* Instructions to follow
Transcribe only the lines in the data below falling between the line with "Məhsul: Parfüm nümunə" and the line with "Mooer SD10i Black - Medellező gitárkombó", including those two lines, and leave out any picture.

* Information given
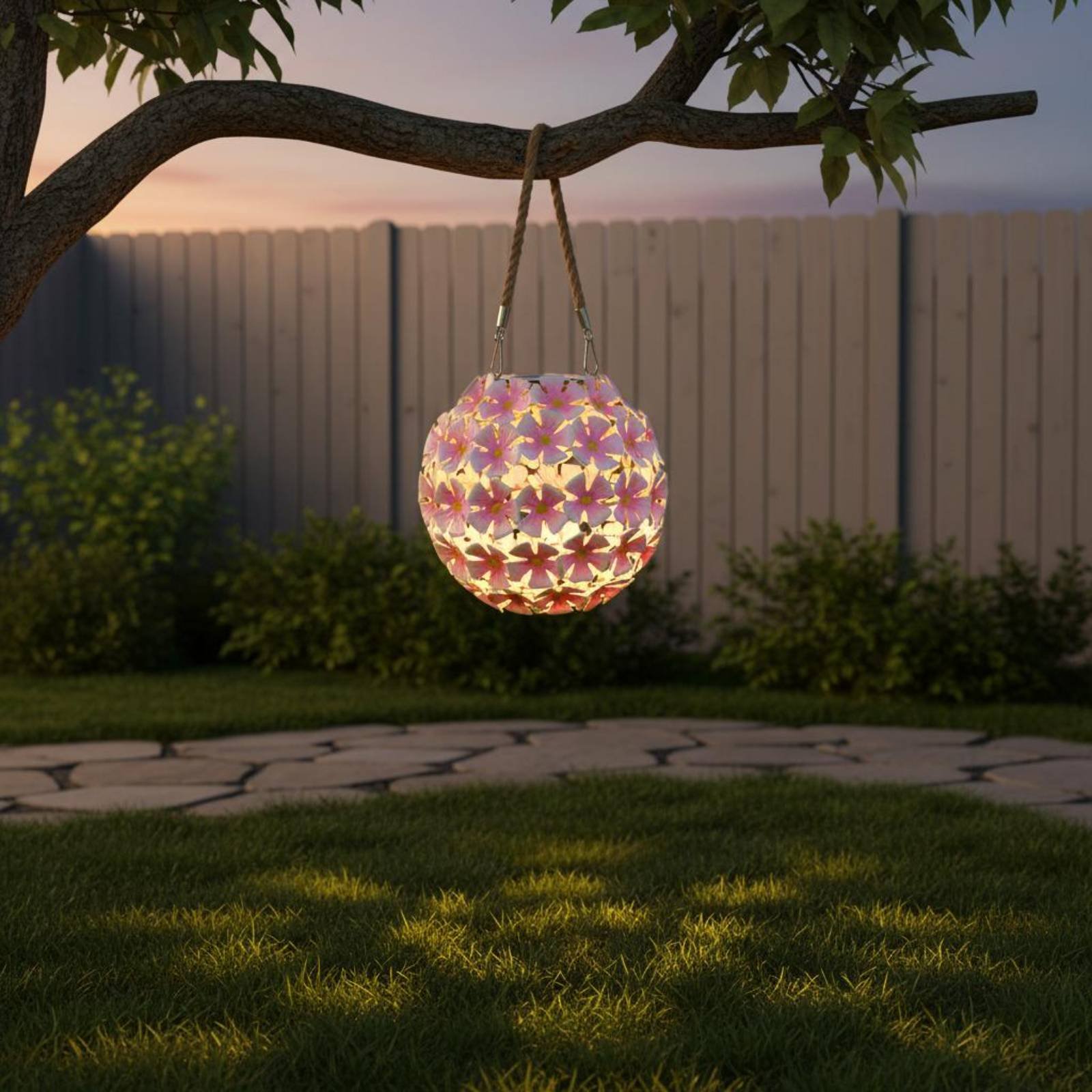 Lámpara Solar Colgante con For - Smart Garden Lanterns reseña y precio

* * *

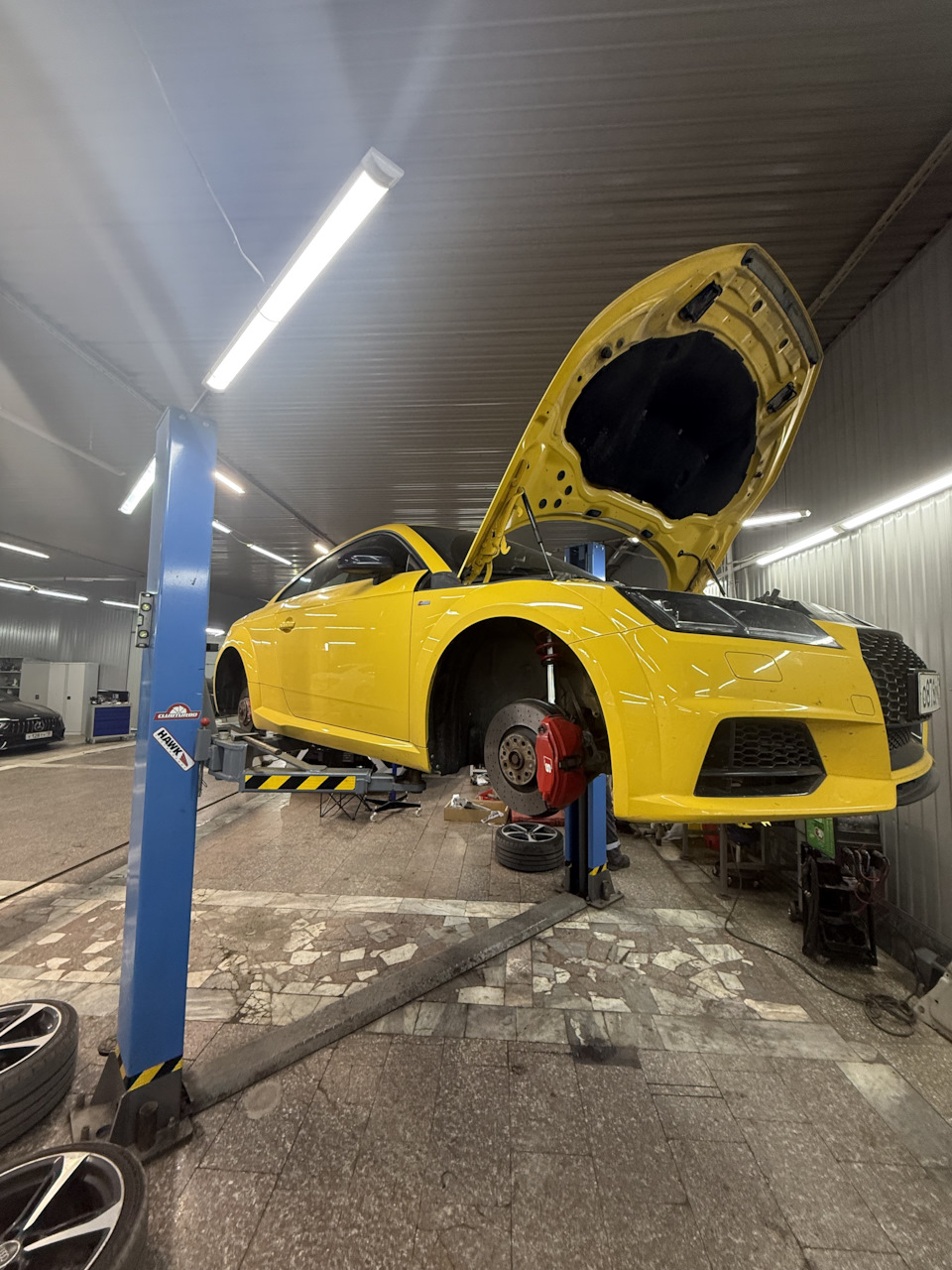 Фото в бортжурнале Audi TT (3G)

---

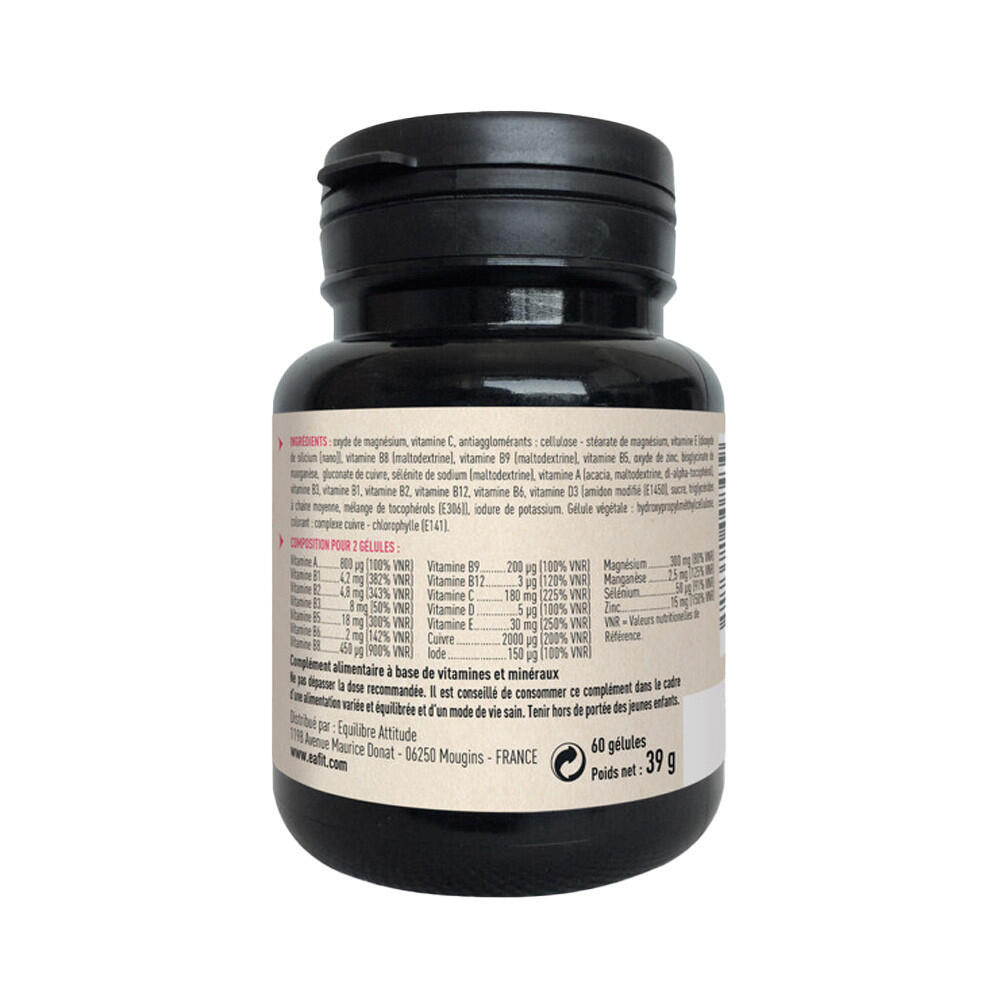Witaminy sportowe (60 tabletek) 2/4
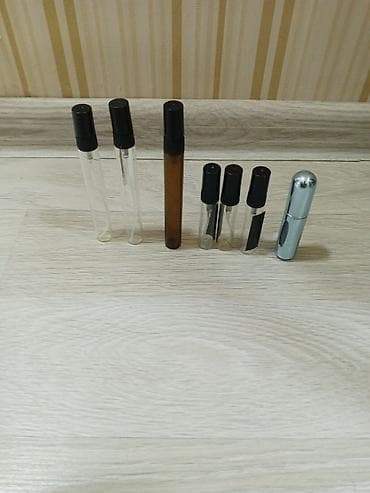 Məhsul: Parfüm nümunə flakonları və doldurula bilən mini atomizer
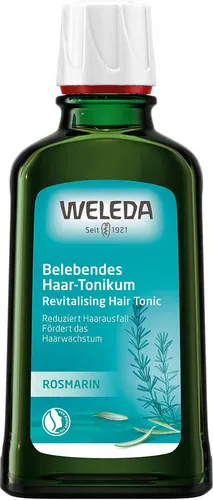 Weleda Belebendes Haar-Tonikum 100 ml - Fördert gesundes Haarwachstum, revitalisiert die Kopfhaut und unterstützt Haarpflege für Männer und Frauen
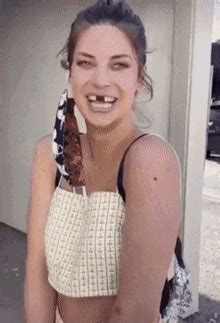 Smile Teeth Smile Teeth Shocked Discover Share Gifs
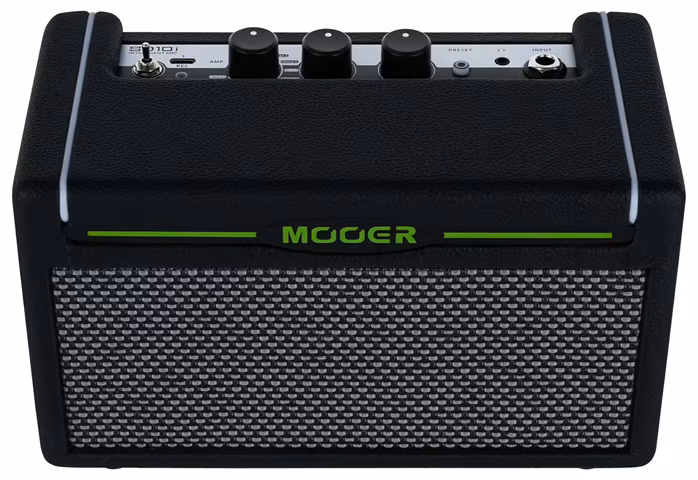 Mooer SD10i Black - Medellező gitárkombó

* Your response
 Məhsul: Parfüm nümunə flakonları və doldurula bilən mini atomizer
 Weleda Belebendes Haar-Tonikum 100 ml - Fördert gesundes Haarwachstum, revitalisiert die Kopfhaut und unterstützt Haarpflege für Männer und Frauen
 Smile Teeth Smile Teeth Shocked Discover Share Gifs
 Mooer SD10i Black - Medellező gitárkombó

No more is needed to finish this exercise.